Spaghetti squash: fun to eat and easy to grow
(Editor's Note: This article was originally published on January 31, 2010. Your comments are welcome, but please be aware this author has passed away and cannot respond to your questions.)
A world of fun and unusual plants is waiting to be discovered. Over 20 years ago, my sister Linda brought home a spaghetti squash. Frankly, I thought she was a bit crazy. "Right, you are going to get spaghetti from a squash," I thought. To my surprise, she really did make a wonderful pot of "pasta" and I've been intrigued by it ever since.
According to PlantFiles, there are many varieties of spaghetti squash. It is from the Cucurbitaceae (gourd) family and the genus Cucurbita along with other pumpkins and gourds. I am not surprised; the skin is as hard and tough as any dried gourd!
According to Wikipedia, "spaghetti squash contains many nutrients including folic acid, potassium, vitamin A, and beta carotene. It is low in calories, averaging 42 calories per 1-cup (155 grams) serving." I found during other research, that a high percentage of the calories are sugar calories.
Some people are disappointed in the taste of this squash, finding it a bit bland and tasteless, but a nice, strong herb sauce will take care of that problem quickly. After all, other pastas and rice are also bland until they are seasoned. This vegetable is not a squash to enjoy on its own like some other squashes; it should be eaten like pasta or oriental vegetables. I think it tastes good with butter and spices or with a sauce.
I decided to purchase and cook a squash for this article. However, I don't like to use a microwave, so I baked the squash. I also do not like to heat up my oven for just one thing, so I cooked a pumpkin, a butternut squash and the spaghetti squash together.
First, I washed each vegetable. Then, I sprayed each one with white vinegar and rinsed it. We keep a spray bottle of white vinegar in the kitchen to help keep germs away. Next, I cut each squash in half. I started with the spaghetti squash; it was difficult to cut. The other squash were easy after working with the spaghetti squash. I would advise you to remove all pets and other people from the kitchen when you cut through this squash. The skin is thin but very hard and brittle.
|The skin is thin but oh, so tough!|
Next, I spooned all of the seeds out. I spread the seeds out on a paper towel to dry. The picture below shows the seeds still a bit too close together; I will spread them out more and remove the strands tomorrow, before the strands mold. The spaghetti squash seeds are to the left of the spoon. For the sake of size comparison, I put some of each seed on the paper towel. The pumpkin seeds are directly to the right of the spoon and the butternut seeds are the smallest, to the far right.

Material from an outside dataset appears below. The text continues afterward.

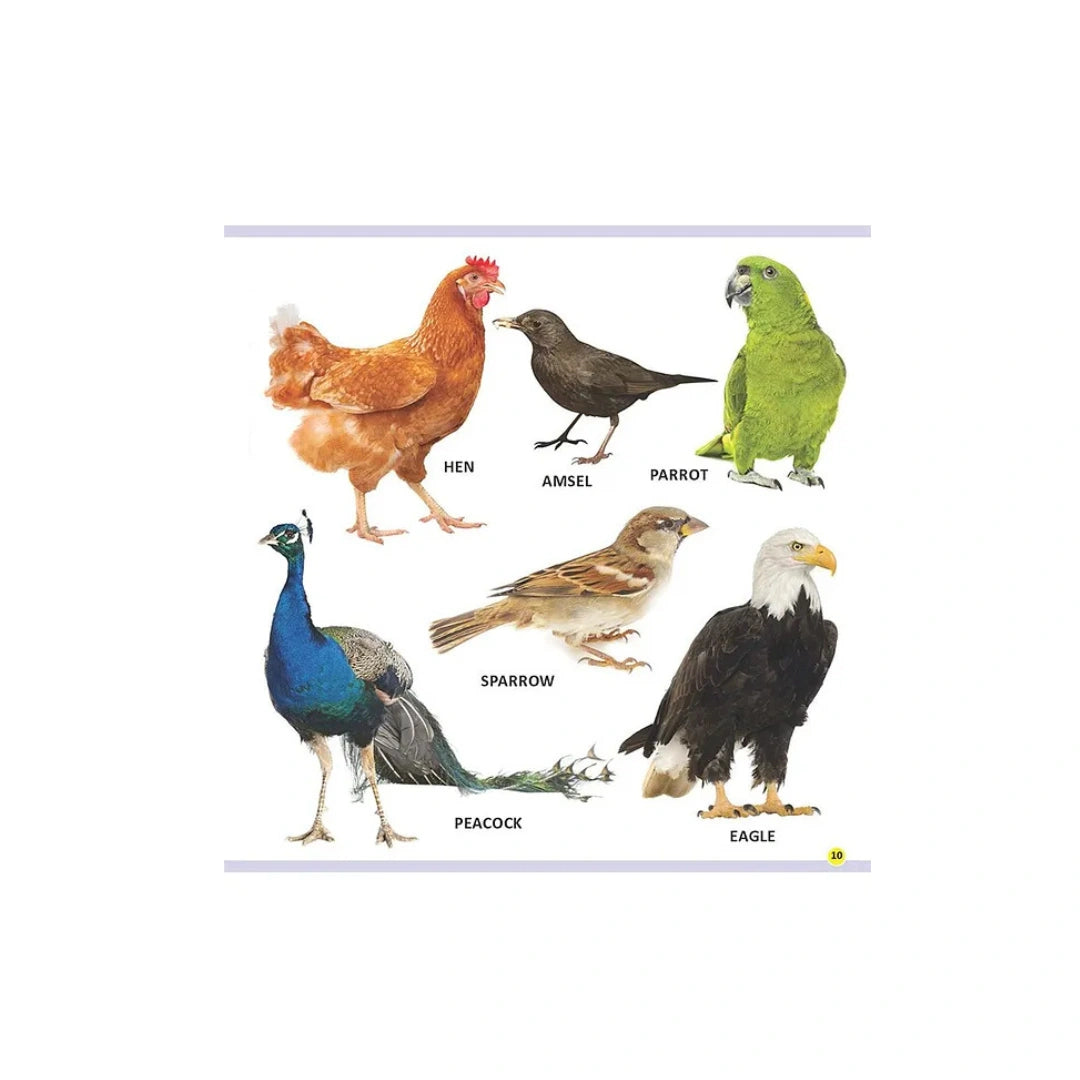 Baby’s First Animals & Birds Board Book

I placed the cut part of the squash upside down on a cookie tray and baked it at 350 degrees for about one hour. The first picture below is of the squash, prior to cooking. The second picture is the squash after I took it out of the oven and pulled the squash away from the skin with two forks. (Note: The squash can be cut and microwaved for 5 minutes at a time, until done; it is done when a table knife is easily inserted. However, the outside skin may still be tough. The squash can be boiled also, but some nutrients will be lost in the water.)
|Uncooked squash looks like any other squash.|
|Cooked squash, directly after being pulled from the sides of the skin.|
While the squash cooked, I prepared a sauce. Dinner was served and we were ready to enjoy a wonderful, fun feast just as soon as I finished writing this article.
|Close-up of Spaghetti Squash.|
|Pasta sauce with basil is bubbling and ready to enjoy!|
I hope you enjoy eating spaghetti squash as much as we do. It will help for you to know what to expect: spaghetti squash is watery and will thin down any sauce that you put on it. It also has a different texture and has shorter "strands" compared to regular pasta spaghetti. This squash made three servings that each filled a large dinner plate. I did not make any vegetables or garlic bread to go with dinner since I was finishing up this article and cooking supper at the same time.
|Supper is served!|
Spaghetti squash is reportedly quite easy to grow. It has both male and female flowers on the same plant (monoecious). It grows like most any other squash plant; likes warm weather and sunshine with plenty of water. Spaghetti squash plants are also bothered by the same pests as regular squash. Remember, squash plants do not like to be transplanted, so be very careful. I plan to winter sow the seeds in a container that can just be set into the ground. I may plant some in containers to see how that works for these plants. Remember, these squash are heavy. You will need to support the vines and the squash once they begin to grow large.
I happen to have a Territorial Seed Company catalog in front of me now. They sell two varities, a large one like I have pictured here and a single-serving size squash. Many other companies also carry these seeds. You'll have fun browsing through Dave's Garden PlantScout. Just be sure to always check out the Garden Watchdog before you order any seeds or plants. You will be able to purchase with more information--and information is power.